Le sang de Djian
Même si les titres
des deux derniers Philippe Djian évoquent des faits divers, les
meurtres qu'on y trouve sont du genre de ceux que tout le monde commet.
Le treizième livre de
Philippe Djian s'appelle Criminels, le douzième (Gallimard 1994)
était titré Assassins, on se dit que cet homme-là a de la
suite dans les idées. Oui, et plus qu'on ne croit.
A la lecture, on comprend
bien que quelques personnages y meurent de mort violente, peu, un dans Assassins,
deux dans Criminels, et encore, l'un des deux est mort depuis
longtemps lorsque le récit commence (la mère du narrateur). Non, les
assassins et les criminels ne sont pas ceux que l'on croit et pour
savoir qui ils sont il faut se rendre à Lausanne chez Philippe Djian,
sous le toit, dans son petit bureau pointu en forme de tablette de
Toblerone, pour l'entendre nous dire que nous sommes tous des assassins,
les assassins de ceux que nous ne sommes pas devenus, les meurtriers de
nos rêves d'enfance.
Les personnages de Djian ne vivent pas des rêves d'enfance, ceux qu'ils
ont rêvé d'être sont morts depuis longtemps, victimes du mal de
vivre, ils auront cinquante ans en l'an deux mille, et ils leur faut
faire avec. Avec le sexe, la vie, la mort, le temps qui reste, le temps
qui fuit, ce qui ne les dispensent pas, parfois de pousser pépère dans
les eux blanches de la Sainte-Bob, la rivière qui baigne les deux
livres et qui donnera son titre au troisième.
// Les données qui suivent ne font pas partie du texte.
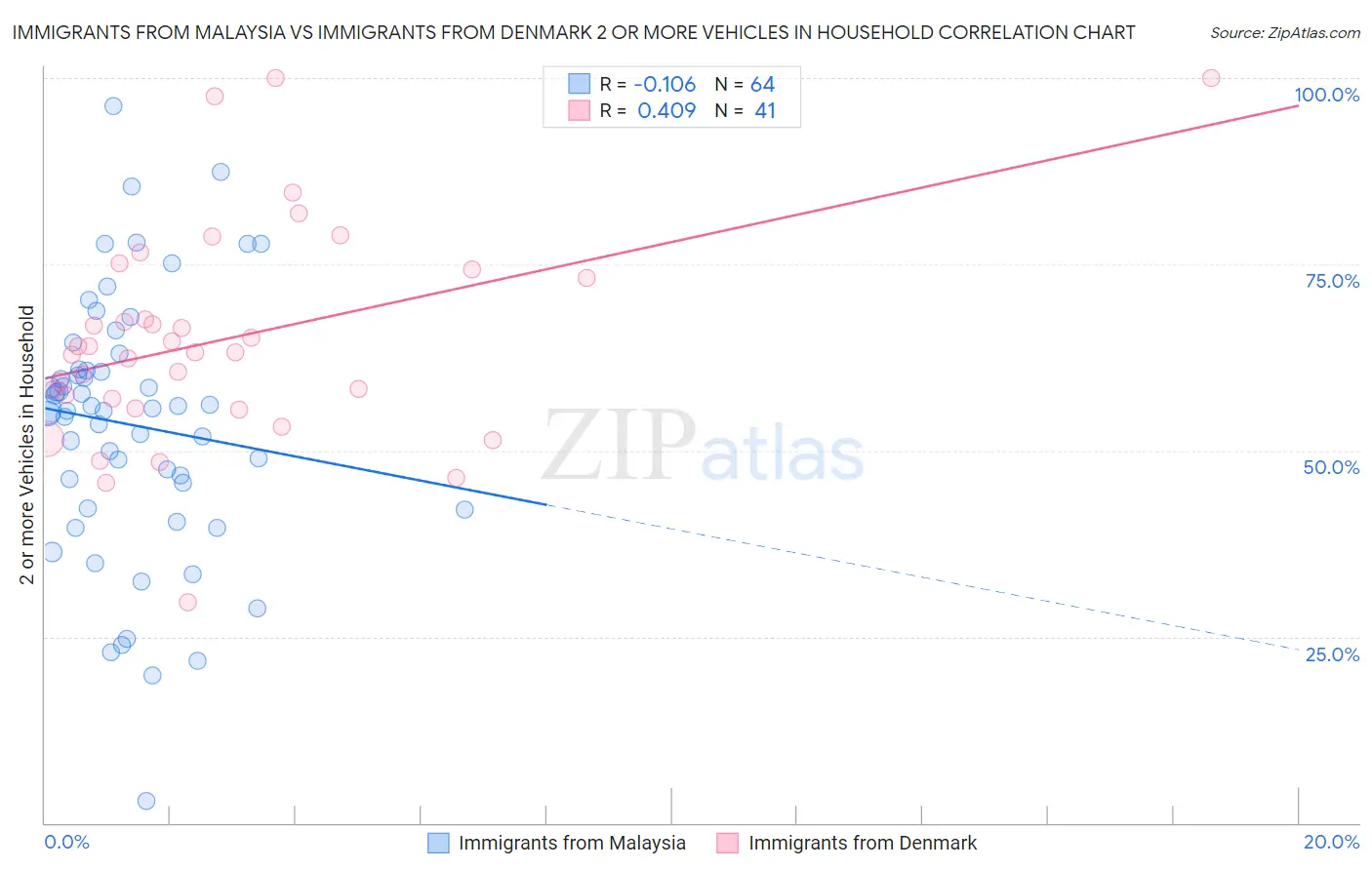 Immigrants from Malaysia vs Immigrants from Denmark 2 or more Vehicles in Household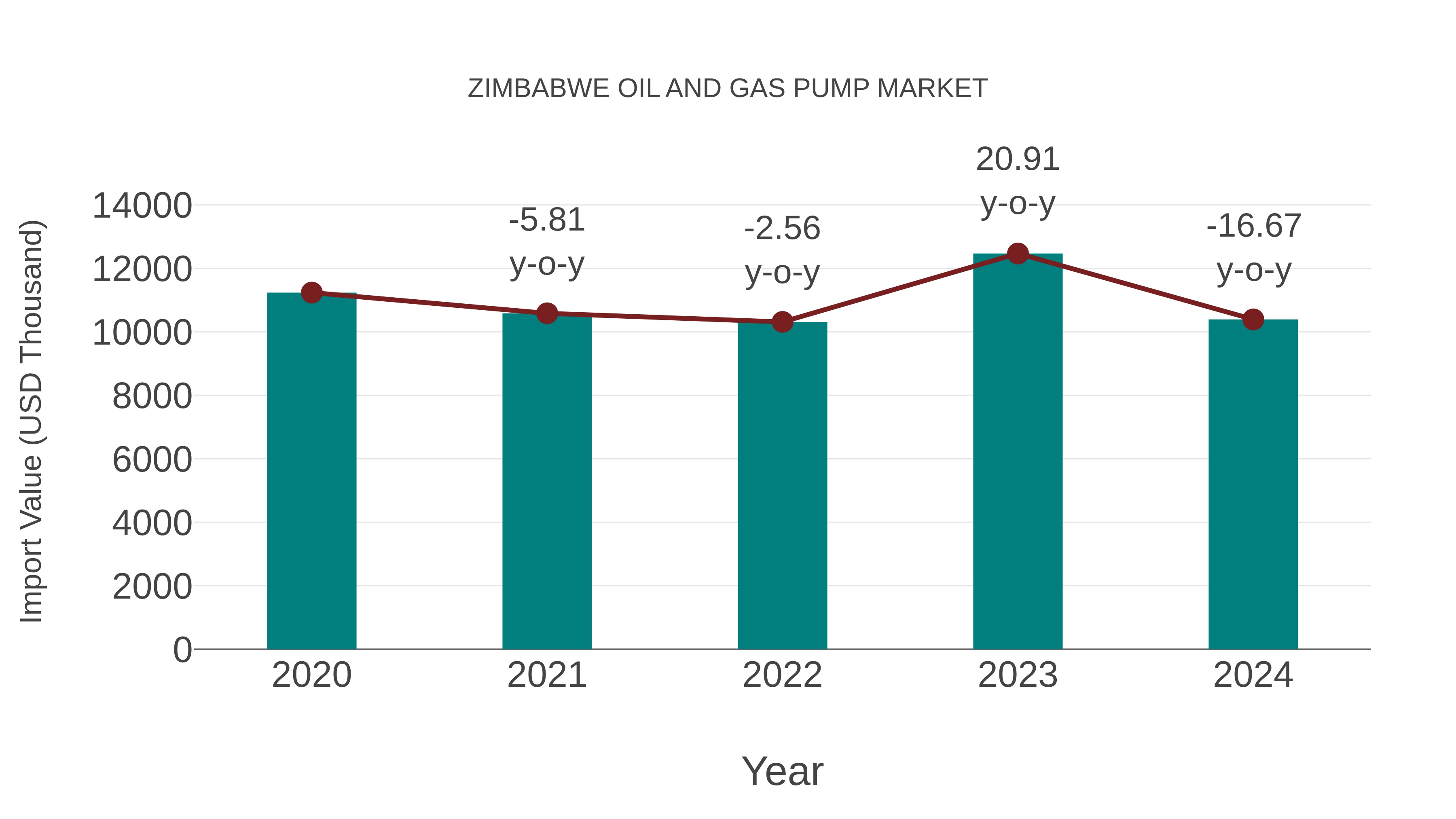  Zimbabwe Oil and Gas Pump Market: Import Trend Analysis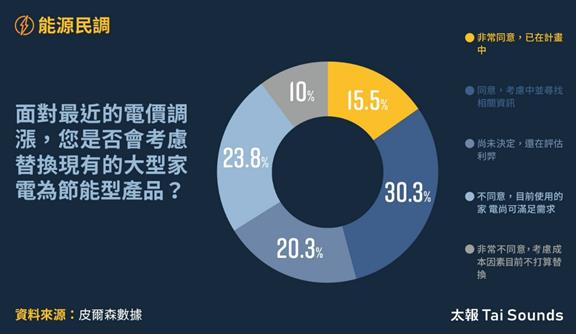 快新聞／8成住宅用戶未裝智慧電表　民調：46.8%受訪者對功能不了解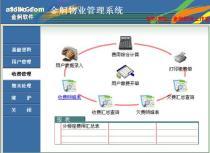 【青島創(chuàng)意設(shè)計(jì)】_青島創(chuàng)意設(shè)計(jì)價(jià)格_青島創(chuàng)意設(shè)計(jì)圖片_青島創(chuàng)意設(shè)計(jì)批發(fā)_青島創(chuàng)意設(shè)計(jì)廠家 - 山東產(chǎn)品庫 - 阿土伯交易網(wǎng)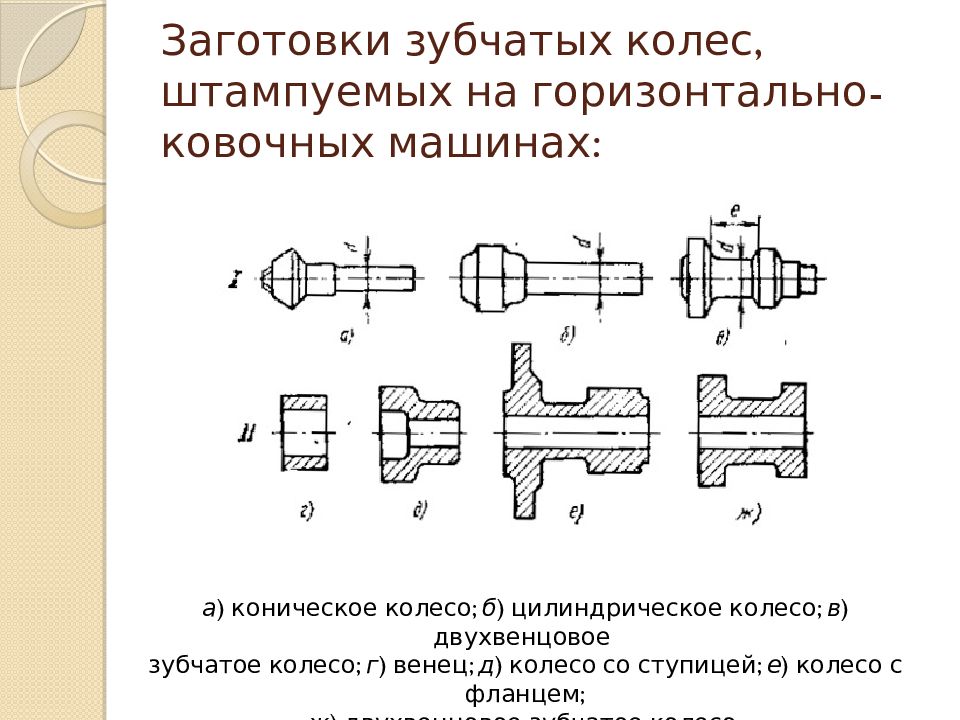 Работа зубчатых колес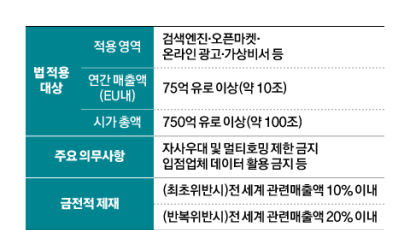 "7만원 벌고 광고비 100만원"…플랫폼 분쟁 유럽은 달랐다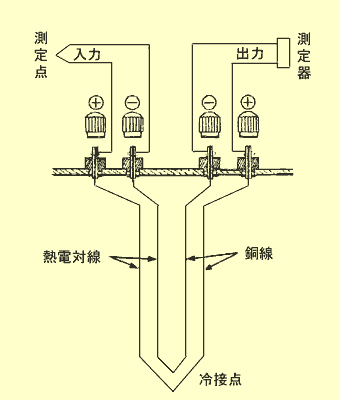 ZERO-CON＜原理構成図＞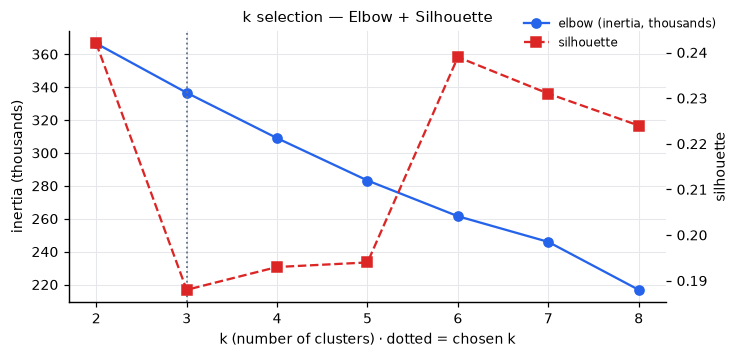 k selection — Elbow + Silhouette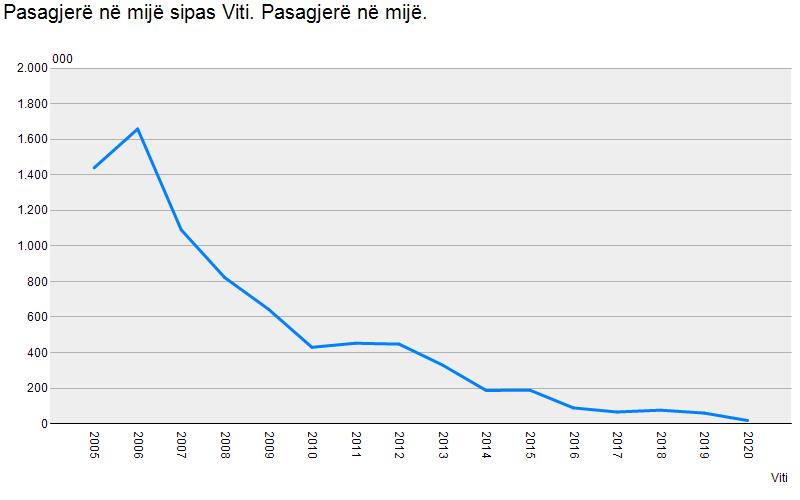 train transport statistics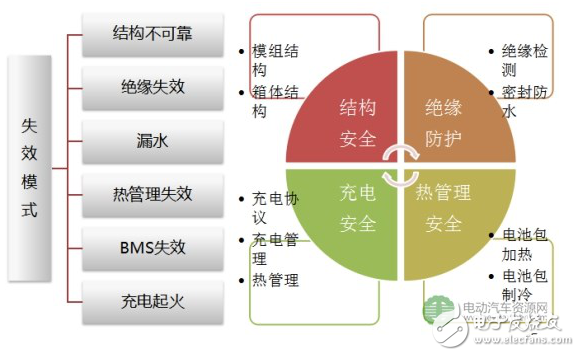 电池包设计目标与安全技术的介绍及锂离子电芯不同型号的对比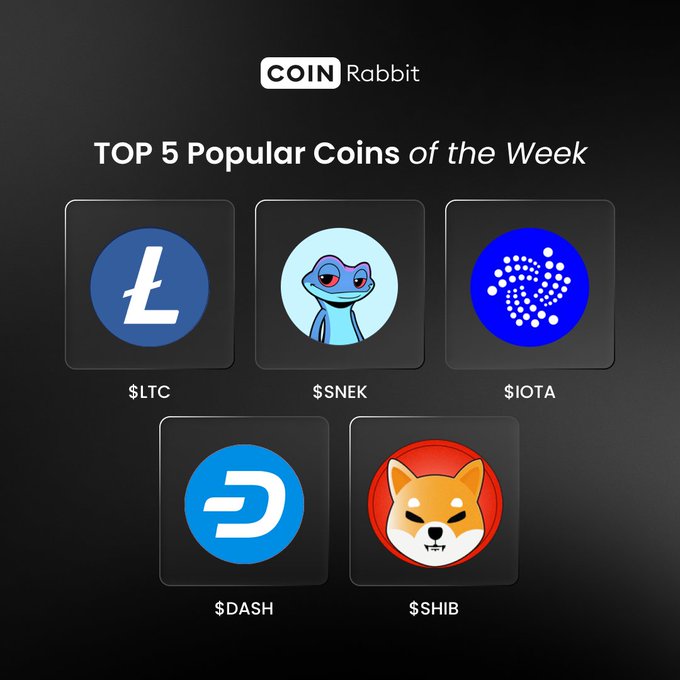 A 'COIN Rabbit' graphic showing the Top 5 Popular Coins of the Week: $LTC (Litecoin), $SNEK, $IOTA, $DASH, and $SHIB (Shiba Inu) displayed with their logos.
Ce n'est pas trahir un
secret que de dire que Assassins et Criminels sont les
deux rives d'un même fleuve (on peut le lire au dos du livre), les deux
angles de base d'un triangle qui viendra chapeauter un troisième.
Assassins en est la rive droite, Criminels la gauche et ce n'est pas là
une façon de parler, Philippe Djian a sous le coude, entre sa pile de
dictionnaires et la souris de l'ordinateur une feuille 21 X 29.7 : la
carte paysagée des livres, la Sainte-Bob en bleu, la route en brun, les
maisons en rouge, les noms des habitants surlignés de vert et la ville
sans nom sur le bas de la page. Une rose des vents permet de prévoir
les ombres selon les heures du jour, et leur image perçue d'une rive à
l'autre.
Les personnages d'Assassins habitent donc sur la rive droite et
ceux de Criminels sur la gauche, "Il y a même la maison de
la femme de l'écrivain, précise Philippe Djian, mais elle ne tenait
pas sur la feuille, elle est là, un petit peu plus haut". L'écrivain
en question n'apparaît pas dans ces deux livres, ce qui en fait des
exceptions dans l'œuvre de Djian à qui on reprocha (mais que ne lui
reproche-t-on pas) d'en faire le héros de chacun de ses livres, il
n'apparaît pas pour la bonne raison qu'il est l'auteur des deux romans.
Il habite en amont de la Sainte-Bob, tout en haut de la feuille,
malheureux comme un chien mal aimé, il se rend chaque jour à la ville
et pour distraire son chagrin écrit ces histoires qu'il rumine pendant
son trajet avec pour personnages les gens qu'il croise sur sa droite :
une histoire à l'aller, une historie au retour, un coup à attraper le
torticolis.
Autrement dit, tous ces personnages qui sont pour nous pauvres lecteurs
d'aujourd'hui ceux de Djian, deviendront dans le prochain livre des
figures de seconde main, enrichis d'un deuxième degré d'existence,
avec sous leurs jupes la main d'un marionnettiste à venir. Mettons que
je ne vous ai rien dit. N'empêche que les rabat-joie qui prennent Djian
pour un jeteur de mots en vrac sur des feuilles au blanc douteux et, l'œil
jaloux sur le baromètre des ventes, lui plaignent la qualité d'écrivain
en seront pour leurs frais.
Nous avions lu et aimé Assassins et Criminels sans savoir
cette construction, cette innocence ne nuit pas à la découverte des
romans un à un et Djian lui-même, modestement, avoue n'avoir construit
la structure de sa trilogie qu'au cours de l'écriture de son premier
volet. Les deux livres sont indépendants, les personnages différents
et les modes même des récits divergent. Ils n'ont de commun que leur génération,
leur difficulté à trouver place dans leur vie et une rivière.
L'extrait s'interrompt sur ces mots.